They say we are the lucky ones, we who survived the first cataclysms. To live a life alone amid so much loss is to die a hundred thousand deaths. Those who perished in the beginning and did not know this suffering, they are the lucky ones.
– from The Cycle of Rebirth, Chapter 1, Verse 8
Three days ago Leah and I had dinner with Rachel and Elani across the hall. Rachel was a biochemist working for the University of Pennsylvania. She was an amazing cook, blending local custom with off-world traditions in ways I couldn’t begin to understand. We had prime cuts of sirloin marinated with butter and Seguthi sauce from Thessia, Elani’s home world. I could still taste it if I allowed myself.

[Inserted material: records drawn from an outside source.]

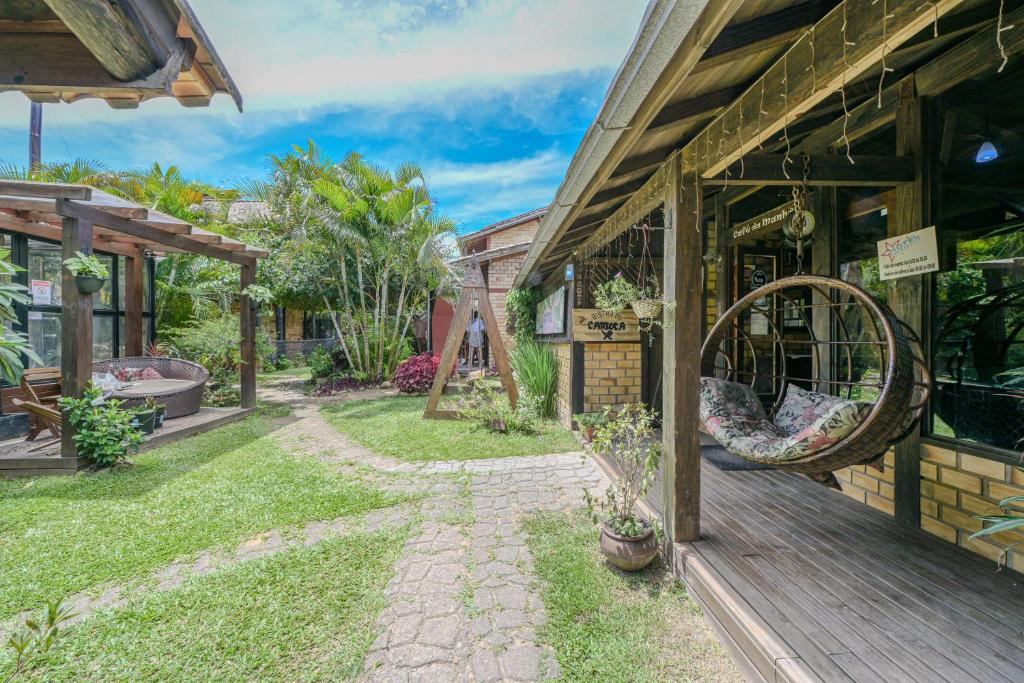 Jardim externo com caminhos de pedra, pátio de madeira, cadeira suspensa e pérgulas cercadas por vegetação sob um céu azul, na propriedade do Hotel Praia do Rosa.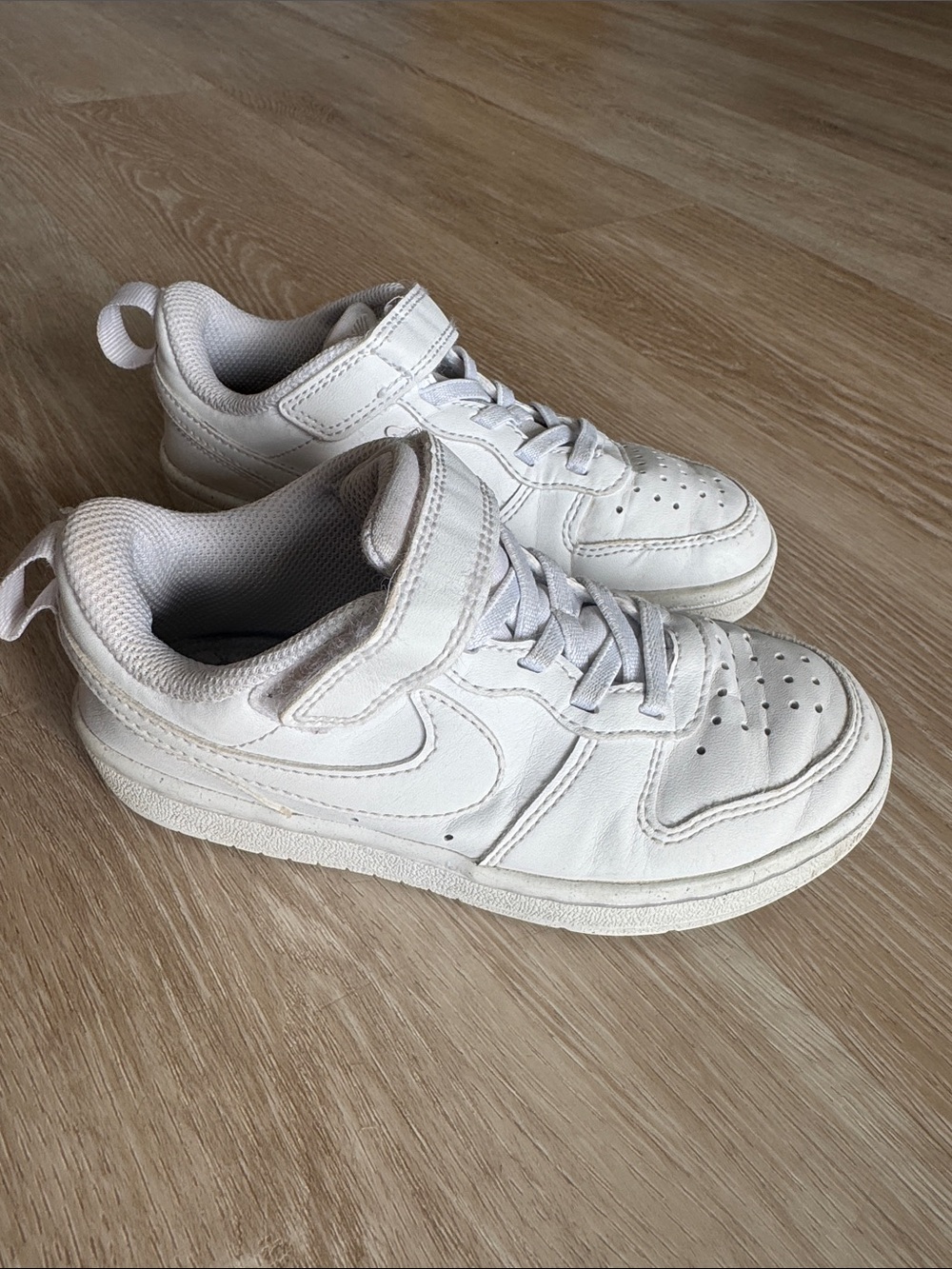 White kids nike sneakers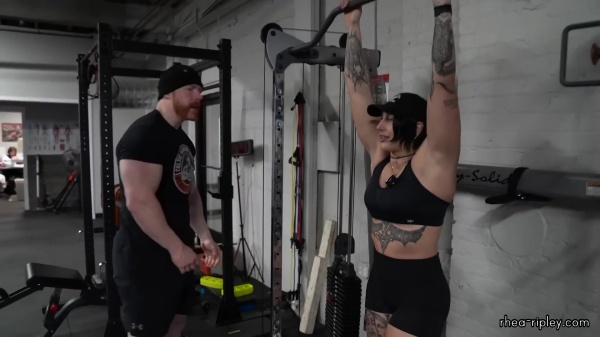Rhea_Ripley_flexes_on_Sheamus_with_her__Nightmare__Arms_workout_4950.jpg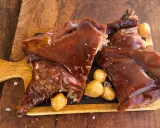 Delicioso cochinillo al horno, crujiente y jugoso, servido con patatas asadas sobre tabla de madera.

We found them in the bedroom, Rachel’s hand still grasping Elani’s. Ebony skin intertwined with light blue, coated in dark blood. They’d put up a fight but it was clear they’d been overwhelmed. Several husks lay around the bed, and I could feel the latent residue of eezo in the air. Elani’s biotics weren’t strong by Asari standards and Rachel was only a lab tech. They hadn’t stood a chance.
I finally tore my eyes from the sight when Leah put a hand on my shoulder. A deep sense of loss came over me, not just for losing new friends but that two lives so intertwined would be removed without reason or need. Elani spoke with me just last night about their plans to travel once Rachel had sabbatical. She wanted to take her to Thessia and then to the Citadel. I reached for Leah’s hand, reflexively, but she moved away.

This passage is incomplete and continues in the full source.